The Lava Ridge Wind Project would be visible from Minidoka and permanently change the landscape around the area. Each wind turbine would stand approximately 740 feet tall, almost 140 feet taller than Seattle’s Space Needle, with turbines as long as a Boeing 747.
The proposed project, headed by New York private equity company LS Power, would occupy 73,000 acres of Bureau of Land Management property and become one of the largest wind farms in the U.S., according to Friends of Minidoka.
“Friends of Minidoka supports renewable energy, but believes that projects must be sited in a way that respects and preserves significant historic sites,” Achilles said in the release. “We and our partners urge the Bureau of Land Management to protect Minidoka National Historic Site as a place for learning and healing.”
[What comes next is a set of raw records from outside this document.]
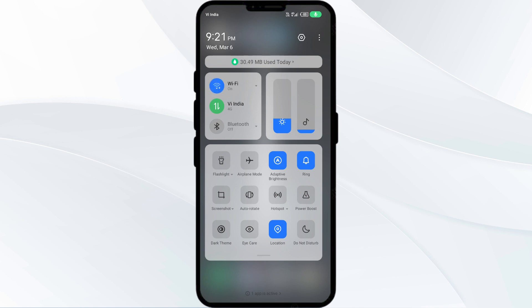Alternatively, activate airplane mode for 4 to 5 seconds, then turn it off. After that, check if the issue is resolved.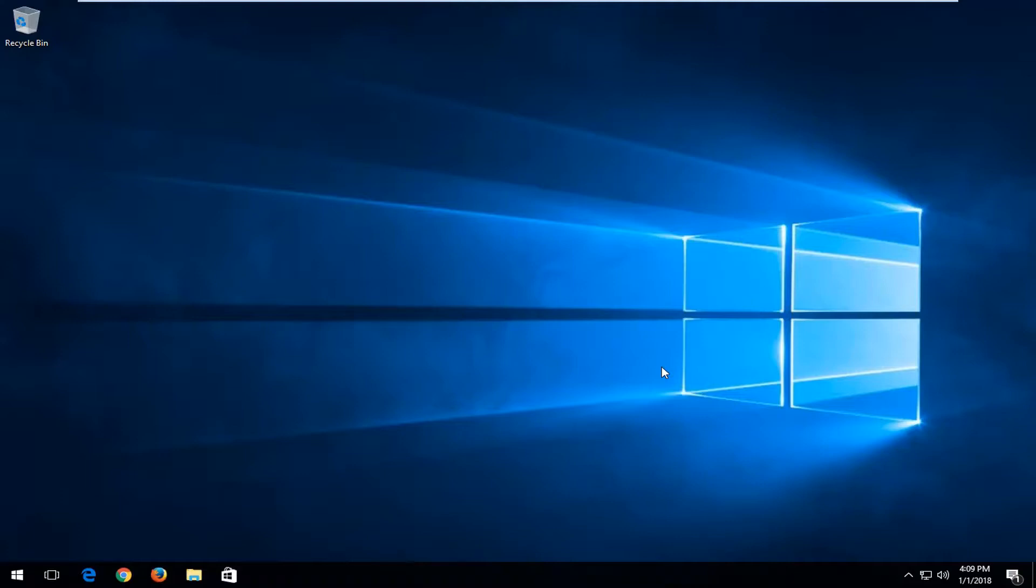The process should be pretty simple and straightforward for just about every version of Windows starting from Windows Vista.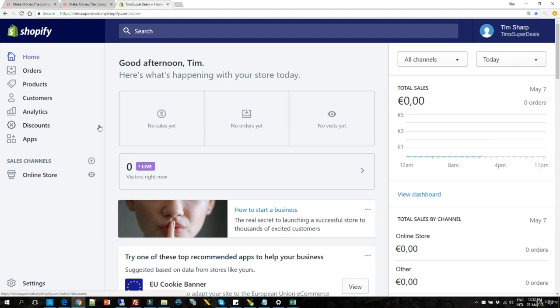So we now know we want to implement a basic shipping rate of $2.95. So how do we actually go about doing that? Well in this lecture I'm going to show you.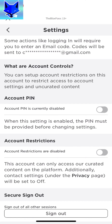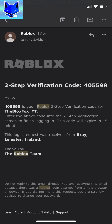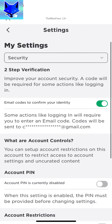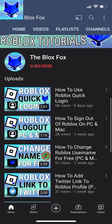Now that's done, whenever you log into Roblox from a new device, it will send you a confirmation code to your email address that you will need to enter to continue. And that draws an end to this tutorial. Please like the video if you found it helpful and subscribe to The Blox Fox for more Roblox tutorials and guides.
The National Trust for Historic Preservation and Friends of Minidoka are both calling on people to send letters to BLM Idaho Director Karen Kelleher and to Tracy Stone-Manning, U.S. director of the Bureau of Land Management, to urge denial of LS Power’s permit application – or at the least, to reduce the number of turbines that would be built.
“Minidoka National Historic Site serves as a critical and painful reminder of the fragility of democracy,” said Katherine Malone-France, chief preservation officer of the National Trust for Historic Preservation, in the release. “Eighty years after the first Japanese Americans were wrongfully incarcerated at Minidoka, Asian Americans continue to experience anti-Asian violence, harmful stereotypes, and hatred.
“Minidoka reminds us of the mistakes of the past so that we can do better in the future, and it must be preserved and protected as a sacred site of conscience in the ongoing fight against hate and racism in our country.”